From the line that includes "Reims/Epernay: Private Veuve" to the last line of the records that follow, copy every line exactly and nothing more, omitting pictures.

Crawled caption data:
# # # #
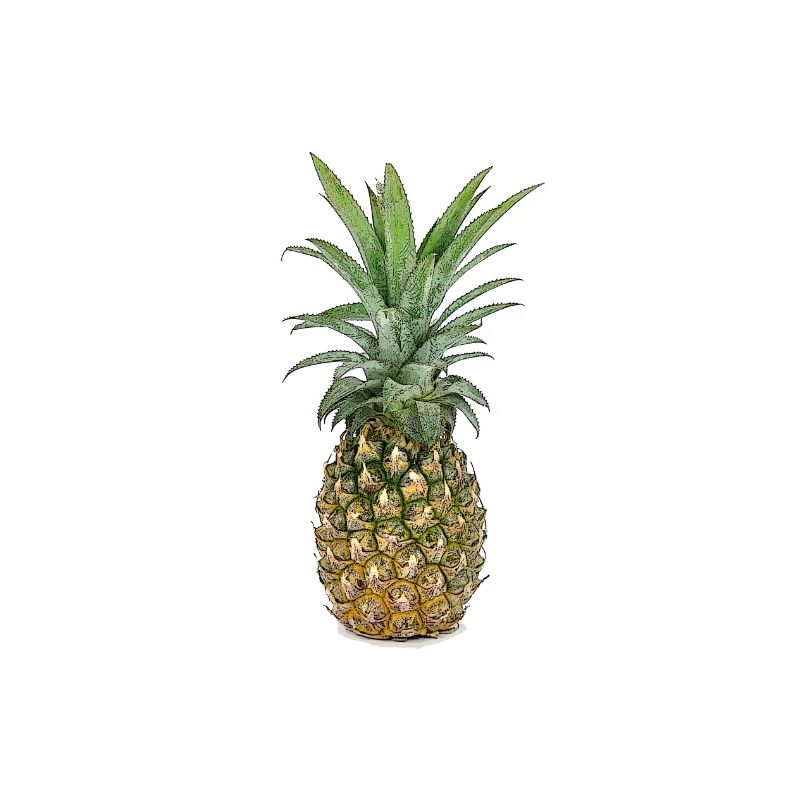 Ananas | Pineapple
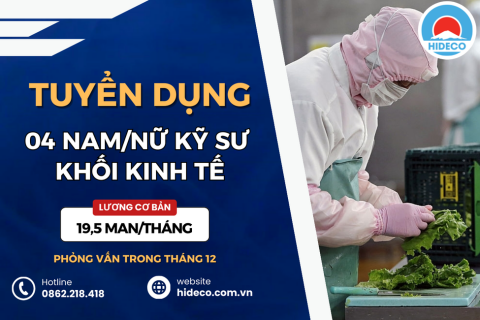 HD4173 TUYỂN 04 NAM NỮ KỸ SƯ KHỐI NGÀNH KINH TẾ LÀM VIỆC TẠI NHẬT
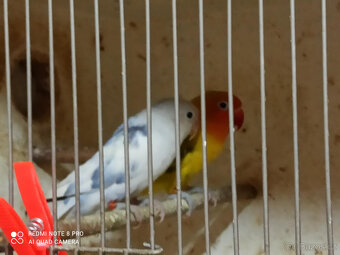 Agapornia Fischer - 3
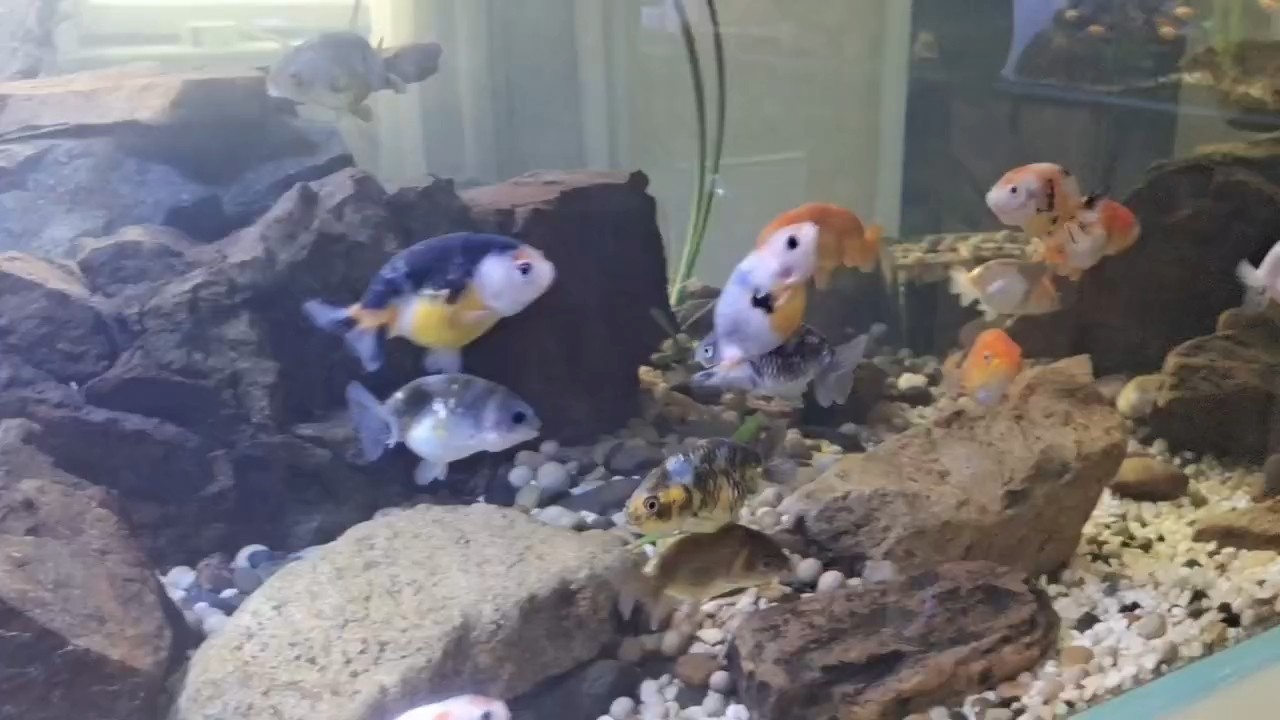 量子養魚技術～免換水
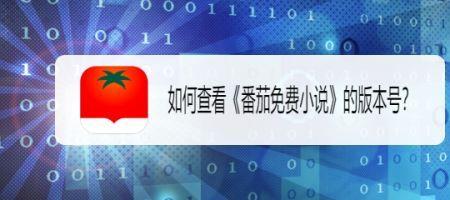 我爱番茄的小说
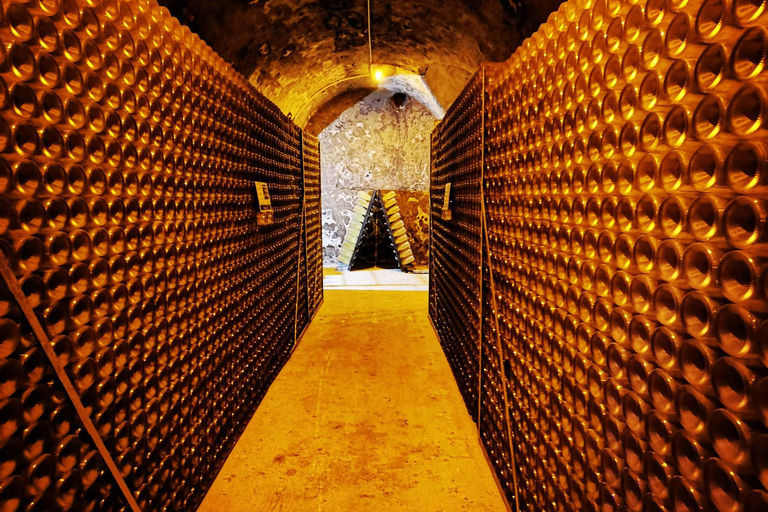 Reims/Epernay: Private Veuve Clicquot Champagne Tasting Tour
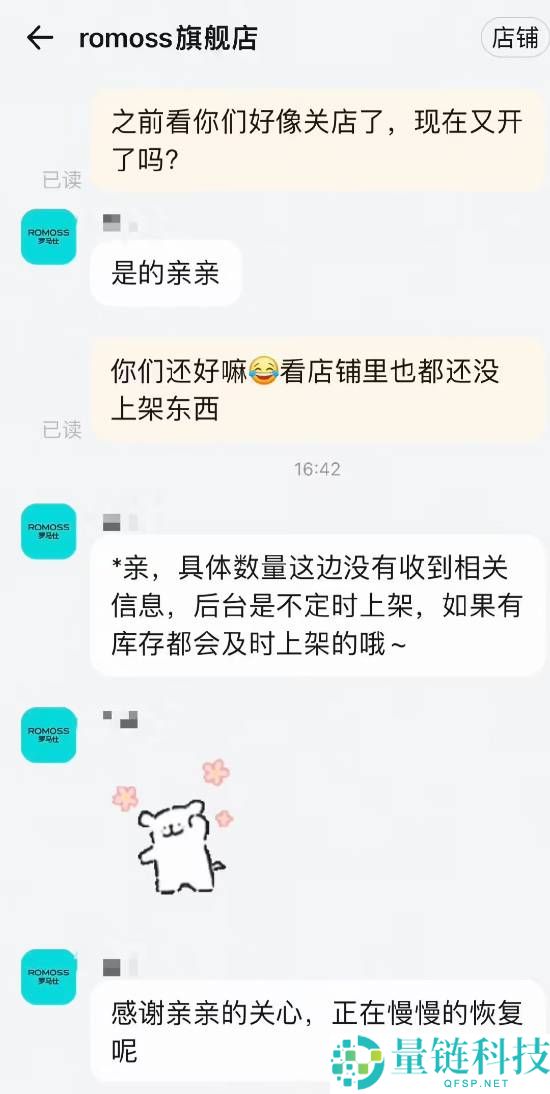 罗马仕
# # # #
TASK RESPONSE:
 Reims/Epernay: Private Veuve Clicquot Champagne Tasting Tour
 罗马仕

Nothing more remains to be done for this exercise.